One of the key measures that the public and media keep demanding is the resignation of Minister of Interior Robert Kaliňák. There is also the oft-repeated call for Mr Fico’s resignation, and hence that of his entire cabinet. The opposition has been calling for Mr Kaliňák’s resignation for some time. President Andrej Kiska has invited him to do the same. As the investigation of Mr Kuciak’s murder is being overseen by top officials of the Ministry of Interior and the police, Mr Kaliňák’s opponents see the lack of trust in the objective solving of the case to be the major issue related to the investigation. Law enforcement agencies in Slovakia have a track record of having often ignored findings by investigative media. Hence, the public isn’t convinced that law enforcement will not give in to political pressure, and concerns are that they could close the case prematurely. A week after the death of Ján Kuciak, Mr Kaliňák fended off any talk about his resignation. He remained adamant that he would not step down, despite the signals that came from Béla Bugár, chairman of Most-Híd, the party that constitutes the governing coalition along with Smer-SD and the Slovak National Party. Mr Bugár made Mr Kaliňák’s resignation a prerequisite for the further existence of the coalition alliance. Mr Kaliňák’s intransigence is likely to fuel even more public uproar and bring additional tens of thousands of disenchanted people to the streets.
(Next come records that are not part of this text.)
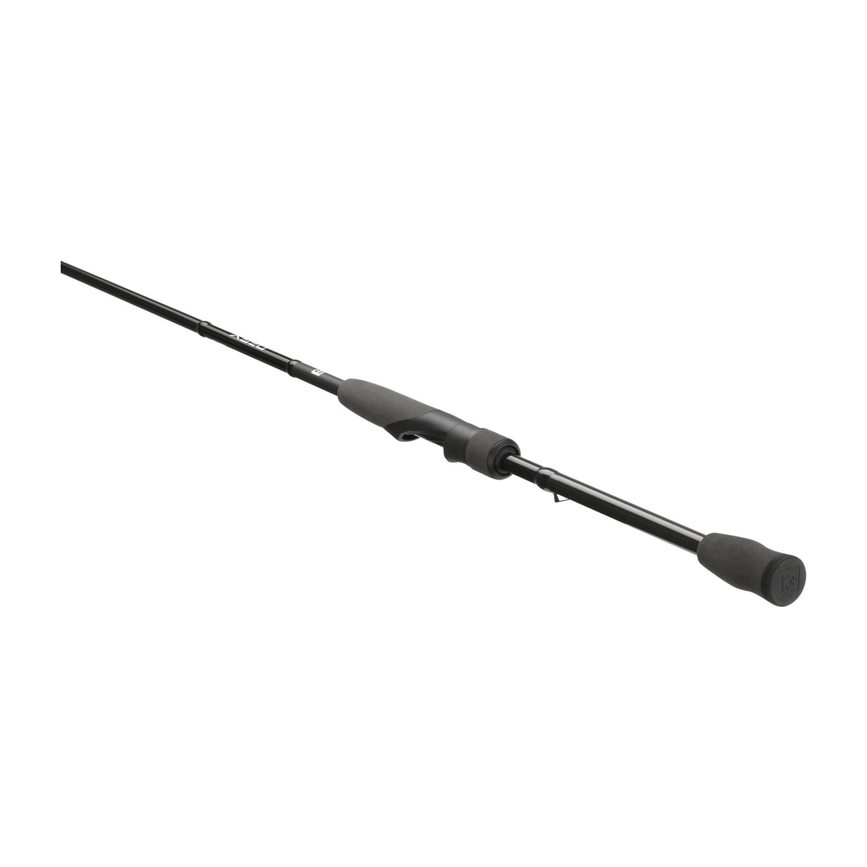 api-2000x2000,fit-new-125234.png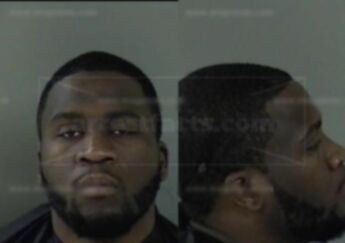 Curtis James Garnett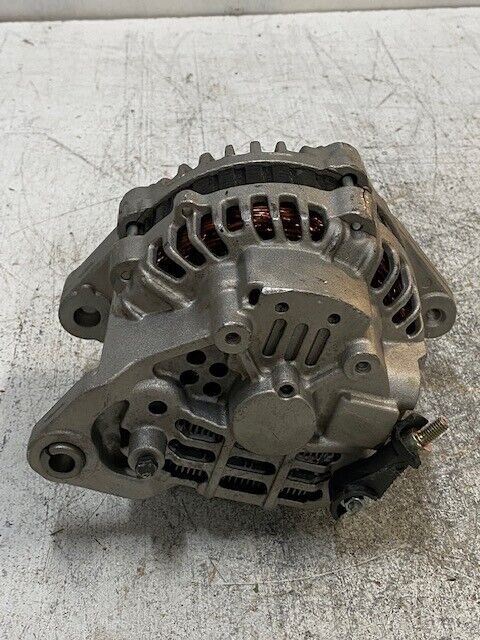 Alternator 14814, 15560 Remanufactured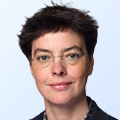 Prof. Dr. med. Margitta Worm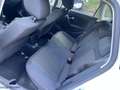 Volkswagen Polo V 1.2 TSi 105cv 1ère Main Wit - thumbnail 11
In his public address on 4 March, Slovak President Andrej Kiska stated that the Government had been unable to solve the situation. He further alleged that the Government also didn’t have a road map that would lead them to a solution. The President asked for an extensive, fundamental reshuffling of the cabinet; failing that, he called for early elections. Nonetheless, Prime Minister Fico rejected those options, aggravating the situation further.

Except for a handful of infrequent internal conflicts, the tripartite government coalition seemed to be a stable and coherent alliance as recently as the first months of 2018. Today, however, the increasing number of leads in the investigation into Mr Kuciak’s murder and the related release of compromising material has put the Smer-SD coalition partners, the Slovak National Party and Most-Híd, under increasing pressure. Hardly anyone dares to predict the voting choices to be made by MPs from the latter two factions should a proposal for a vote of  confidence be tabled, as is being signalled by the opposition.

It is, therefore, not implausible to suggest that it might just be a matter of weeks before the name of the Slovak Prime Minister is no longer Robert Fico.

Grigorij Mesežnikov is a political analyst and President of the Institute for Public Affairs in Bratislava, Slovakia.